* _Your assignment_
Reproduce each line of the following material exactly, omitting the images.

* _The data_
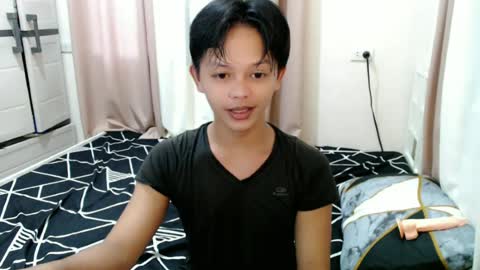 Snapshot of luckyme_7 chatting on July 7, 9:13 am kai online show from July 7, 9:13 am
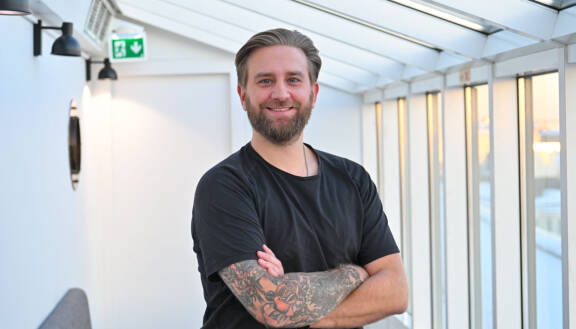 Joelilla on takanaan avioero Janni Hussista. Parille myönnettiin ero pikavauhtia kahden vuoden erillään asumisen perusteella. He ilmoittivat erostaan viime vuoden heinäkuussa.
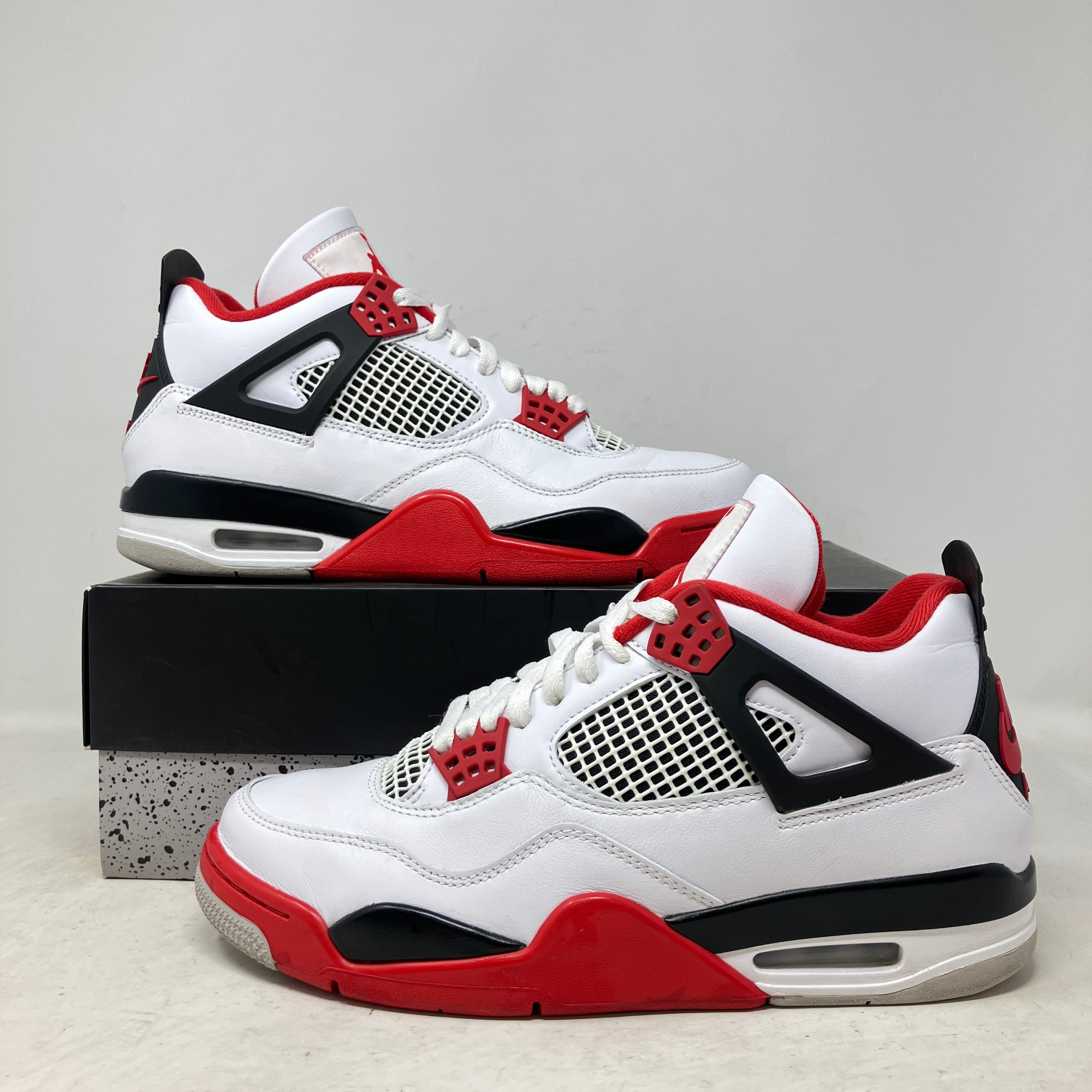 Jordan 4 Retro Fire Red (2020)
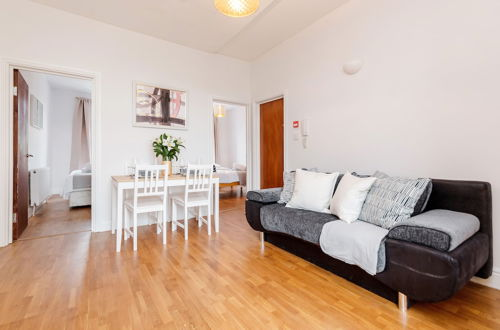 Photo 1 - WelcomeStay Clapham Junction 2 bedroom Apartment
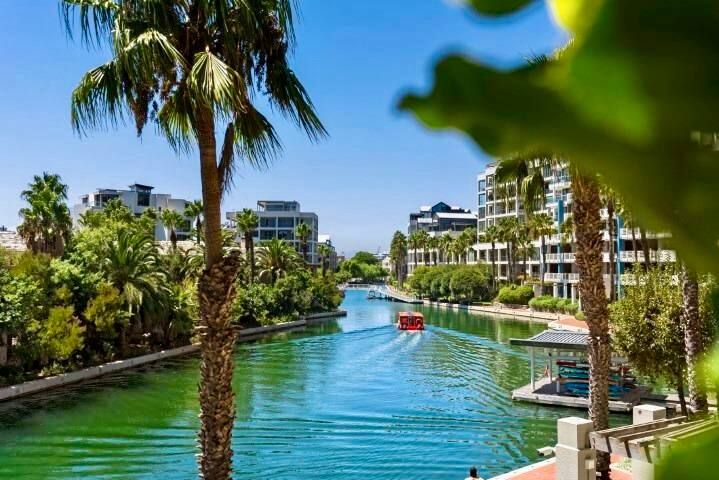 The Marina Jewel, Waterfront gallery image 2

* _Exercise response_
 Snapshot of luckyme_7 chatting on July 7, 9:13 am kai online show from July 7, 9:13 am
 Joelilla on takanaan avioero Janni Hussista. Parille myönnettiin ero pikavauhtia kahden vuoden erillään asumisen perusteella. He ilmoittivat erostaan viime vuoden heinäkuussa.
 Jordan 4 Retro Fire Red (2020)
 Photo 1 - WelcomeStay Clapham Junction 2 bedroom Apartment
 The Marina Jewel, Waterfront gallery image 2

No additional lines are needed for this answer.